The high selectivity and affinity of bisphosphonates to bone make them useful for drug delivery to bone metastases. In addition to binding to the bone, bisphosphonates have demonstrated induction of apoptosis in cancer cells by indirect inhibition of adenine nucleotide translocase via intracellular accumulation of isopentenyl pyrophosphate [105]. Bisphosphonates also improve tumor response to treatment by depleting tumor-associated macrophages that support tumor growth. These additional properties make bisphosphonates attractive for targeted drug delivery to sites of bone metastasis [67].
Various bisphosphonates, particularly Aln and Zol, have been explored for active targeting of nanoparticles to the bone.
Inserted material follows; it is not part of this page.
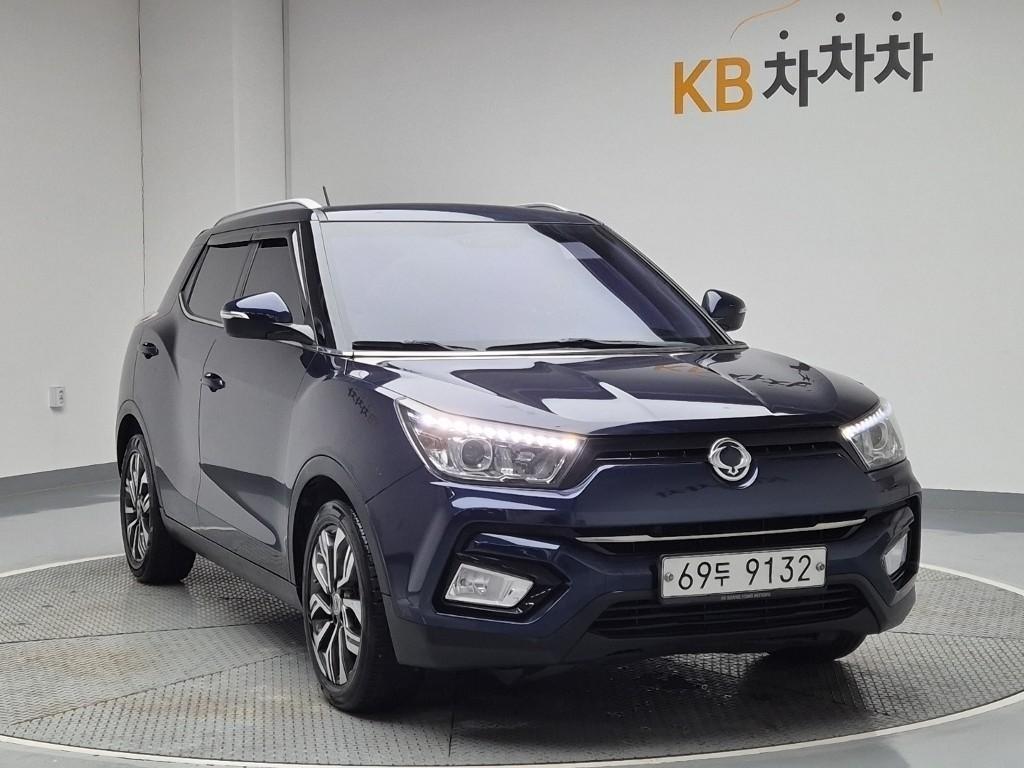 Ssangyong Tivoli - Vista 4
The presence of a primary amine in Aln and the modifiable nitrogen group in Zol makes them amenable to common conjugation chemistries used with drug-delivery systems [65,67]. As such, bisphosphonates have been used to target different types of NPs, including polymeric, inorganic, and liposomes, to the bone matrix (Figure 3).
Conjugating, anchoring, or coating of NPs with bisphosphonates increased the accumulation and retention of polymeric biodegradable NPs in bone tumors [96]. Conjugation of Aln to NPs, formulated from block copolymer PLGA and polyethylene glycol (PEG) (PLGA-b-PEG), showed a six-fold increase of NP accumulation into bone [95]. Improvements in bone accumulation were observed with other Aln-conjugated polymeric nanocarriers, which corresponded to successful delivery of therapeutics to the bone after intravenous injection [95,96,97] (Figure 3B–D). The conjugation of Zol to PLGA-PEG NPs increased their accumulation into the bone by 50-fold after 24 hours postinjection. Importantly, the amount of Zol-conjugated PLGA-PEG NPs in bone metastases was five-fold greater than in naïve bones, suggesting increased specificity to the lesions [97]. An important aspect of bisphosphonate-mediated targeting is the decrease in toxicity attributed to changes in drug pharmacokinetics and biodistribution. For example, Aln-conjugated micelles decreased cardiotoxicity of doxorubicin and increased efficacy at inhibiting bone resorption in animal models of bone metastasis [99].
Bisphosphonates also readily bind onto inorganic NPs for drug delivery and imaging applications. For example, Zol-anchored mesoporous silica NPs demonstrated four-fold greater binding to bone compared to plain silica NPs. Additionally, Zol-coated mesoporous silica NPs showed more significant interactions with cancer cells, resulting in higher cell death [106].
The addition of imaging functionality to the NPs can improve their clinical application by improving diagnostic techniques or enabling tracking of therapeutic particles in the body. Zoledronate-anchored mesoporous silica NPs covered with gadolinium have been employed for imaging bone metastases, in addition to treating them [98]. In these studies, Zol is anchored to the silica NPs by the pH-sensitive linker N,N-carbonyldiimidazole, to ensure the release of Zol after cellular endocytosis of the NPs, to improve its action intracellularly [98].
Similarly, self-assembling pH-sensitive micelles functionalized with PEG showed increased accumulation into bone metastasis after conjugation to Aln. Once in the acidic tumor microenvironment, the NPs degrade to release their therapeutic load [99].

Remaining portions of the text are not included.